Award-winning sports journalist, Michael Oti Adjei has noted that government’s plan to pay allowances to footballers in the domestic league is not a lasting solution to the problems in local football.
In his view, the initiative is out of place as the welfare of the players are the responsibility of their club owners.
“I don’t know how sustainable that policy is, such policies are not enough to curb down such menace in the football fraternity. The key question is about how government is taking its resources to pay players when the player is employed by an individual organizations.
So what becomes the said structure if government is paying a player of Asante Kotoko and Kotoko is owned by somebody else how then do they account for transfers and the rest? There are broad implications with such policy” Michael Oti-Adjei noted.
Speaking on our morning show Campus Exclusive, the sports journalist further added that the move will not deter the players from aiming to play in Europe.

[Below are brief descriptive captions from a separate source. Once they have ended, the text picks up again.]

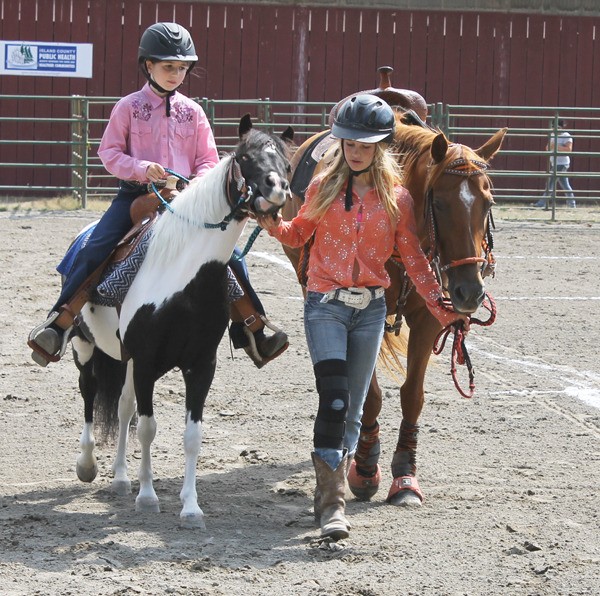 These girls walk through the horse arena during the Whidbey Island Area Fair before the events and competitions began.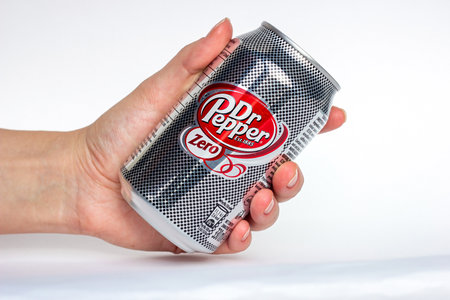 DUSHANBE, TAJIKISTAN - SEPTEMBER 11, 2022: Woman hands holding the silver aluminium Dr. Pepper Zero can close up on white background.のeditorial素材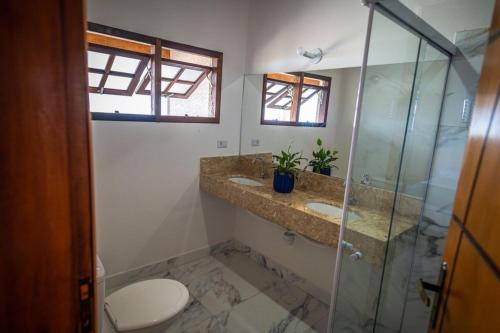 uma casa de banho com 2 lavatórios e uma cabina de duche em vidro. em Mar Egeu Arte & Pouso em Peruíbe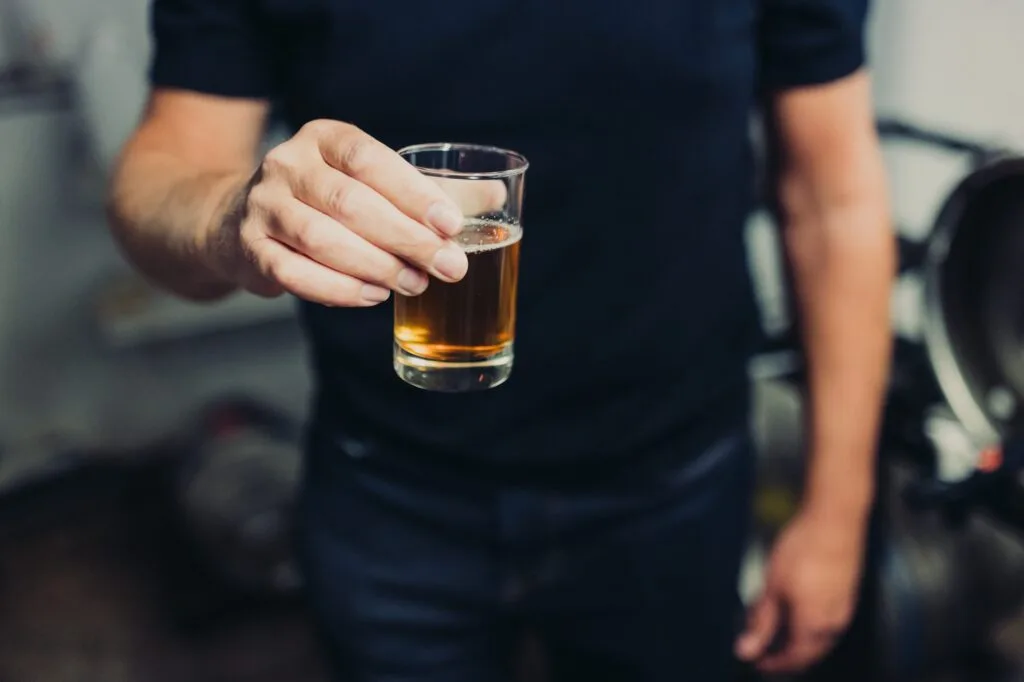 Man holding a beer tasting glass
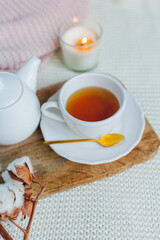 Autumn flat lay. Orange knitted pullover, hot cup of tea, candle light, wooden stand, cotton branch, pumpkin.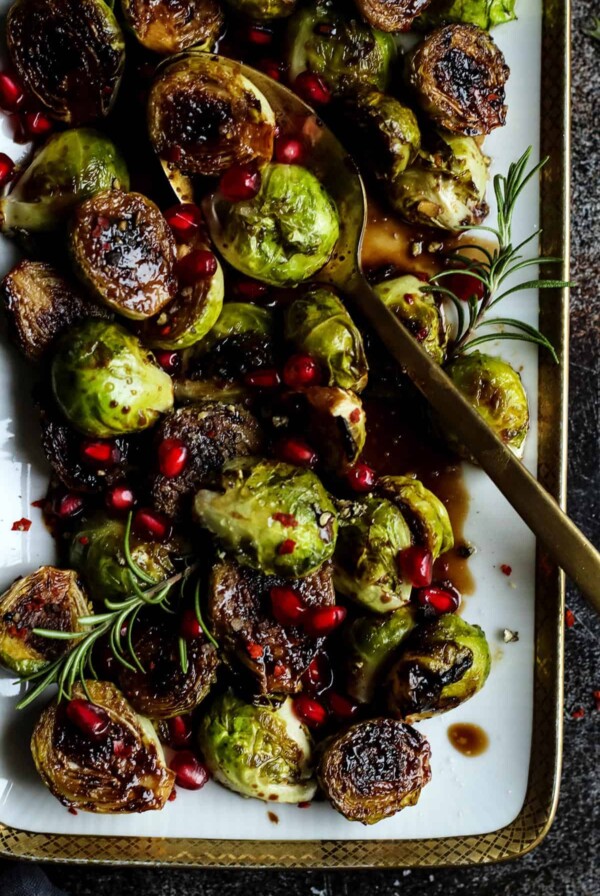 Pan-Seared Brussels Sprouts garnished with rosemary and pomegranate arils.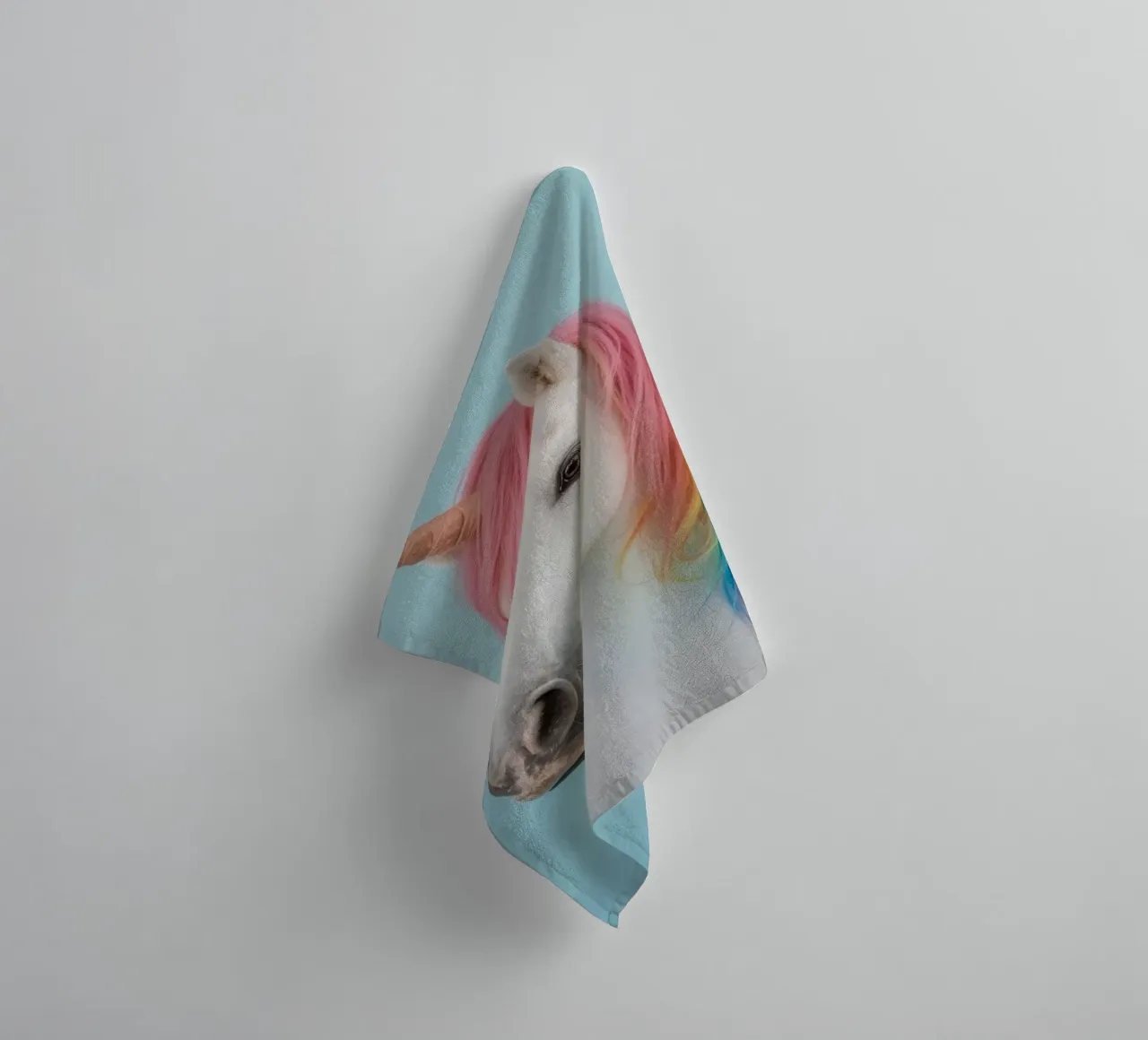 Unicorn with Rainbow Mane and Light Blue Background towel by DesignDoodle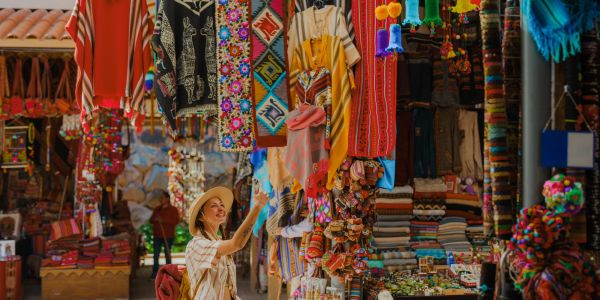 Mujer comprando en un mercado de artesanías colorido.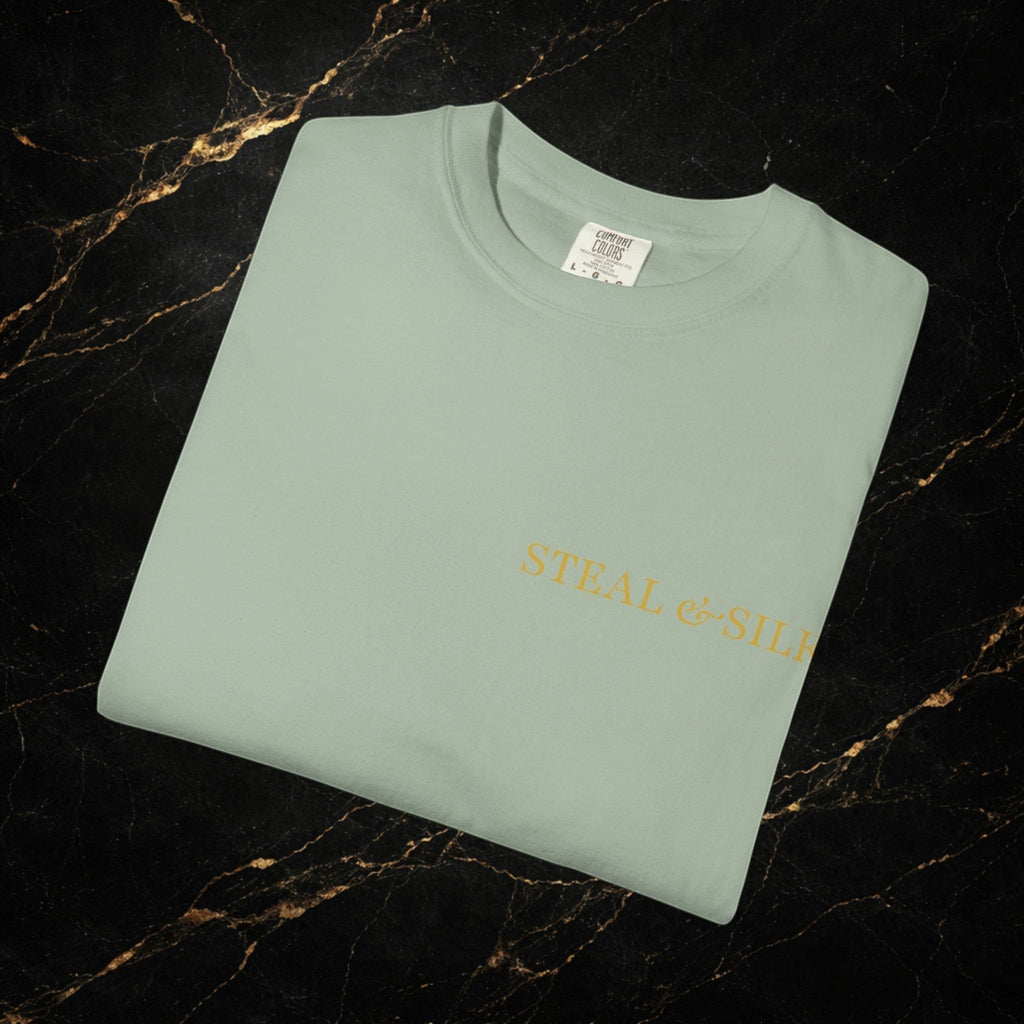 Steal & Silk pale green cotton t-shirt with "Handle With Force" heart graphic and brand logo.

According to him, the players, like several other Ghanaians, grow up with the mindset that life is better in the diaspora.
“Ghanaian players do not travel out there because they want to earn the equivalent of 200 or 100 dollars per month, they get that here already, players only travel out there because a lot of people grow up in Ghana with the condition to believe that America and the rest provide the best of conditions.” Michael Oti Adjei maintained
“No amount of money you pay them from the Youth Employment Agency will be able to kill that sort of ambition of any player, such policies will only prevent them from leaving for countries like Vietnam and Thailand” he stated
Earlier this week, Board Chairman of the National Youth Employment Agency, Sammy Awuku hinted on government’s plans to pay allowances to players in the Ghana Premier League.
According to him, the allowances, which would be paid by government through the Youth and Sports Ministry follows the suspension of the domestic league.
Mr. Awuku explained that the move was aimed at motivating the players and as such, discussions are being held with the Sports Minister to fine-tune the decision.
In June this year, all football activities were halted after the airing of Anas Aremeyaw Anas’ Number 12 documentary which exposed rot in Ghana football.
Following the documentary, FIFA appointed a normalization committee to run the affairs of the Ghana Football Association (GFA).
The Normalisation Committee has until March 31 next year to end their mandate.